Normally, when you take money out of your IRA, that money is taxable income to you. That’s fine, you say, you’ll just turn around and spend the money on your mortgage or giveGive and Grin it to a charity — and get an offsetting deduction. But you might not get all or part of that deduction if, for example, you use the standard deduction or you itemize and your deductions get caught up in the phase-out rules.

Under the Grin and Give Rule, the money taken from the IRA is not taxable income to you.

  • So you don’t have to worry about whether you use the standard deduction, itemize or face other deduction limits.
  • Actually, if you were going to make a charitable deduction anyway, using the Grin and Give Rule could help you protect your other itemized deductions, and even save taxes on your social security.
  • And, of course, the charity doesn’t have to pay any tax either.

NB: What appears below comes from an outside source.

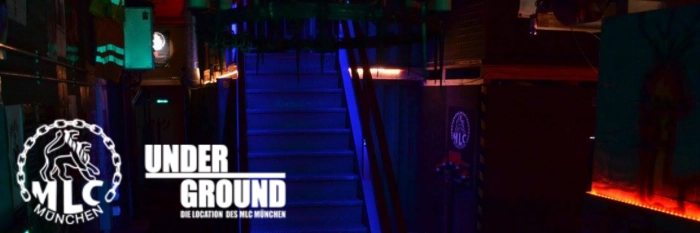 Naked & Underwear Party in München: Veranstaltung von MLC Munich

In other words, turning your IRA distribution into an IRA donation makes your IRA distribution tax-free!

The maximum annual total using the rule is $105,000. And the gifts count against your required minimum distribution.

Reminder, you have to be dealing with a Qualified Organization (one that is eligible to accept tax-deductible charitable contributions). And not all otherwise Qualified Organizations are eligible (for example, donor-advised funds and supporting organizations are not).

More Details:

  • The gift must be made directly from your IRA trustee to the charity.
  • Be sure to obtain a written receipt from the charity to substantiate your donation.
  • The Rule applies to many charities, but not all.
  • This is a Federal income tax law; check whether the your state’s income tax laws have been conformed to include the rule.
  • The rules get trickier is you contribute to your IRA during or after the year you turn 70 ½.
  • Consult your tax advisor.
  • Sexy as “tax-free” sounds, never give away money you may need.

More background for you

The IRS refers to these distributions as Qualified Charitable Distributions. Here’s a bit of what IRS Publication 590-B has to say. Note I’m quoting the 2023 version, where the amount shown is $100,000. Expect the 2024 version to show $105,000.

Qualified charitable distributions (QCDs). A QCD is generally a nontaxable distribution made directly by the trustee of your IRA (other than a SEP or SIMPLE IRA) to an organization eligible to receive tax-deductible contributions. You must be at least age 70 ½ when the distribution was made. Also, you must have the same type of acknowledgment of your contribution that you would need to claim a deduction for a charitable contribution. See Substantiation Requirements in Pub. 526.

The maximum annual exclusion for QCDs is $100,000. Any QCD in excess of the $100,000 exclusion limit is included in income as any other distribution. If you file a joint return, your spouse can also have a QCD and exclude up to $100,000. The amount of the QCD is limited to the amount of the distribution that would otherwise be included in income. If your IRA includes nondeductible contributions, the distribution is first considered to be paid out of otherwise taxable income.